At some point you may need engineers that are not free. Then you need to convince the story teller who controls these engineers. If their direct superior is already a free FTE, you can try to negotiate. Either dilute your story, or provide labor, or give something else that counts as currency. However, often the engineers' superior is not free (he/she is not an entrepreneur who choose this path voluntarily). If you are lucky your story still fits their narrative and you get some aid. Worstcase you'll have to find the original story teller, which may be many layers up the hierarchy, or completely hidden from view. Generally this is not worth the effort, unless you want to become a fulltime story teller (aka manager). If you do choose this path, please be aware you may have to compete with many other story tellers, as well as battle the dominant narrative.

If you cannot convince the engineers you need, tough luck, being free does not mean you get everything you want.

Note that if some non-free engineers join your cause, they may not fully understand your story since they are bound by other stories. This means they will not be so useful or need a lot of guidance. If you somehow got the engineers fulltime, it's worth the effort to complete subvert them to your story, maybe even turn them into free FTEs. This works best by building a world for them in which they can start their own stories. Don't feel bad if it doesn't work, conformists prefer to follow the dominant narrative.

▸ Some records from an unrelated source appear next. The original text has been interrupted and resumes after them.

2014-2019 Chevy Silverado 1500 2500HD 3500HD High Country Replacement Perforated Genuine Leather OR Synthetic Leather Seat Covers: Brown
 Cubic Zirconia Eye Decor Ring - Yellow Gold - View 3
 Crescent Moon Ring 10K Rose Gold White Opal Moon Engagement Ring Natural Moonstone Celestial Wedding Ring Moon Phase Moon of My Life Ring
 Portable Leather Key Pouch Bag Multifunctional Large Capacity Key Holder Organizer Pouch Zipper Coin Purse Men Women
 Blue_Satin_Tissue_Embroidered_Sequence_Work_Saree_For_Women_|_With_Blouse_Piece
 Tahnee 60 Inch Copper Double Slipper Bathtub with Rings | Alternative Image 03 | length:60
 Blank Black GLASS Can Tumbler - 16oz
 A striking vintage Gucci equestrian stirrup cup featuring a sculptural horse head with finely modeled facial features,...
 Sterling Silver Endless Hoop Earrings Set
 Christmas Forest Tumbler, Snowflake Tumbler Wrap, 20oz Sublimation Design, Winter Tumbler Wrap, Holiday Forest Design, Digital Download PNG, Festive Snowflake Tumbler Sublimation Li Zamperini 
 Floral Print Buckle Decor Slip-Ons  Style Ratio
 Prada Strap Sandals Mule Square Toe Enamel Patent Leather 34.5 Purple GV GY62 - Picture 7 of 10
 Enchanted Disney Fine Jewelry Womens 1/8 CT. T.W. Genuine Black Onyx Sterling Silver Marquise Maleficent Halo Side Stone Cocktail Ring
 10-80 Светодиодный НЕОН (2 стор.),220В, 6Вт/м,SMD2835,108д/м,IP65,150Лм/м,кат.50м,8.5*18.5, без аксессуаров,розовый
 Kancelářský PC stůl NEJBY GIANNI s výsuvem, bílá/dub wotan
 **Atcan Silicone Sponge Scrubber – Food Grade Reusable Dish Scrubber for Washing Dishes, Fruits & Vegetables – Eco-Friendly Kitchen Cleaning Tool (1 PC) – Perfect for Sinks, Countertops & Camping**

Currently am in the process of finding the engineers in our corporation that want to free themselves and create a kind of innersourcing community. This is a big story. I also make it difficult on myself, because I refuse to become a fulltime story teller. I still want to create valuable products myself and the innersourcing world would be wonderful to work in. Imagine a world where when you find a valuable proposition, instead of having to convince a thousand managers, you just convince one or two great people to join you. (Note: finding those great people will then be the new bottleneck.)

A final word of warning, if you tell a big story yourself, try to make it resonate with the primary corporate platform story tellers (senior management). If it does not, they may turn the dominant narratives against you. Small stories can be about boosting your productivity, but big stories must boost the platform. If your story does become successfully integrated in the dominant narratives, then don't expect too much credit for it. A good story will look obvious in hindsight and people will believe that they always believed it.

In the end all you need to do is change the stories in your head and the stories in other people's heads. It's like writing software, but a little less rigorous and a lot more nebulous.